# What is expected
Would you print the listing that follows exactly, but without its pictures?

# Material provided
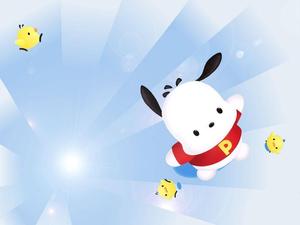 Pochacco Sanrio Character pochacco wallpaper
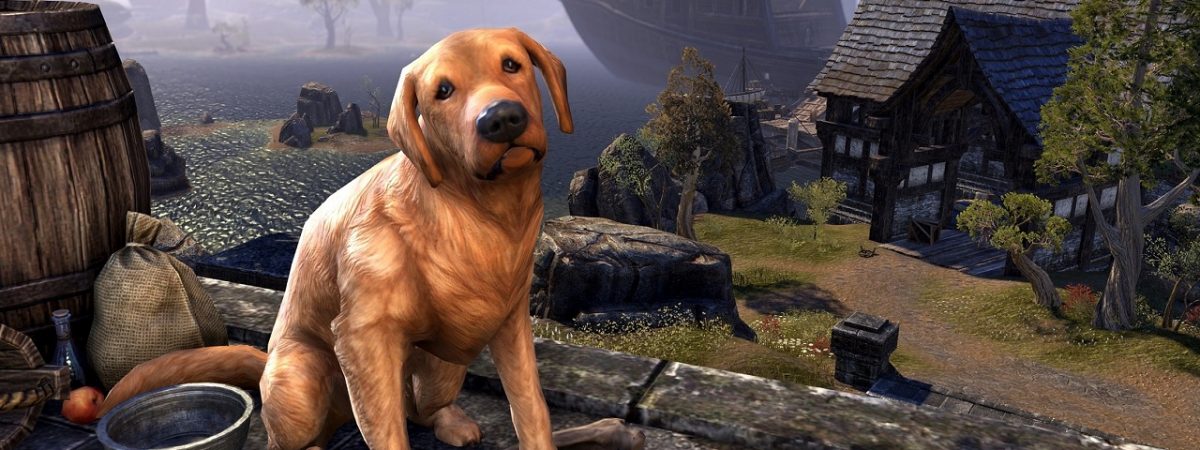 Elder Scrolls Online Players Have 24 Hours to Claim Free Pets for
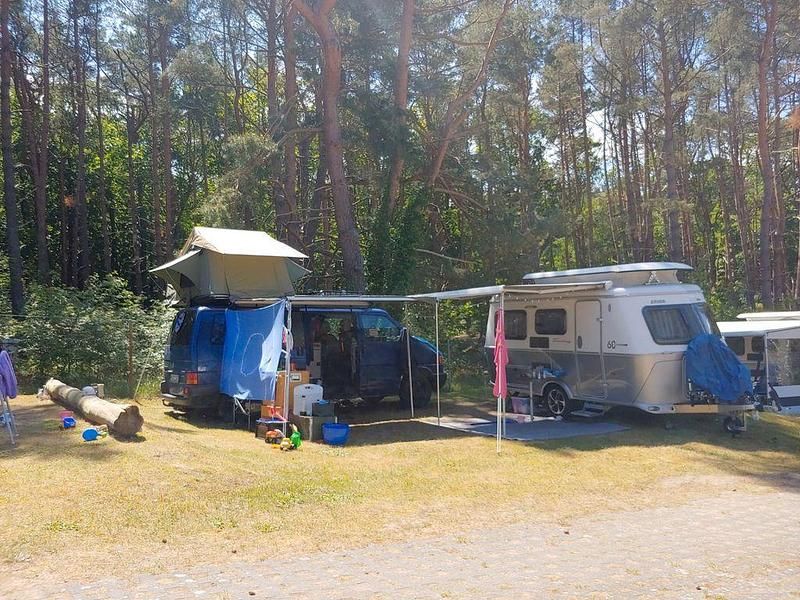 Blau Gebraucht 2003 VW T4 Van | 8.500 € (Superpreis) - Bild 1/4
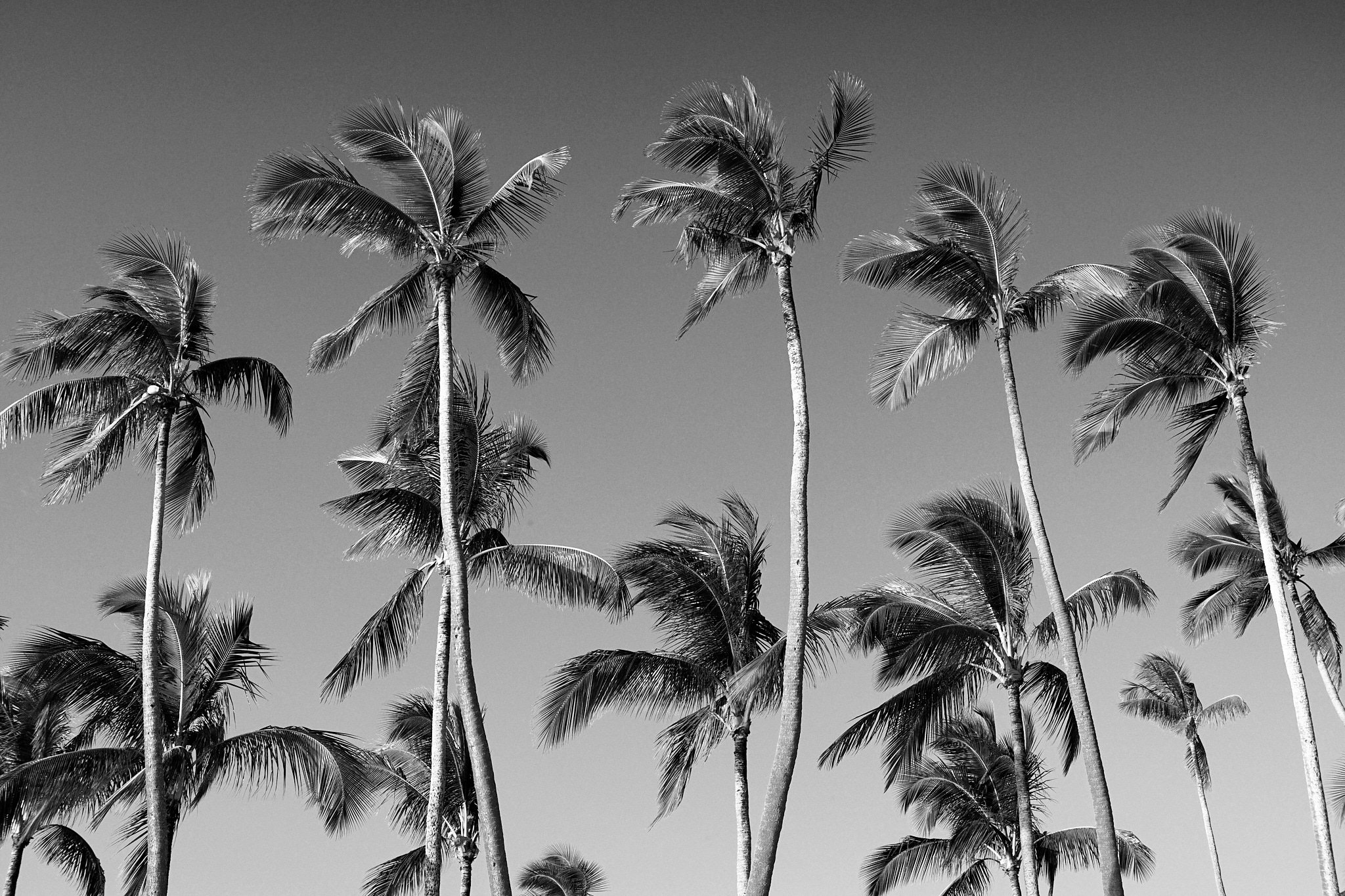 18-08-30_fiji_palms_0510.jpg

# Result of this exercise
 Pochacco Sanrio Character pochacco wallpaper
 Elder Scrolls Online Players Have 24 Hours to Claim Free Pets for
 Blau Gebraucht 2003 VW T4 Van | 8.500 € (Superpreis) - Bild 1/4
 18-08-30_fiji_palms_0510.jpg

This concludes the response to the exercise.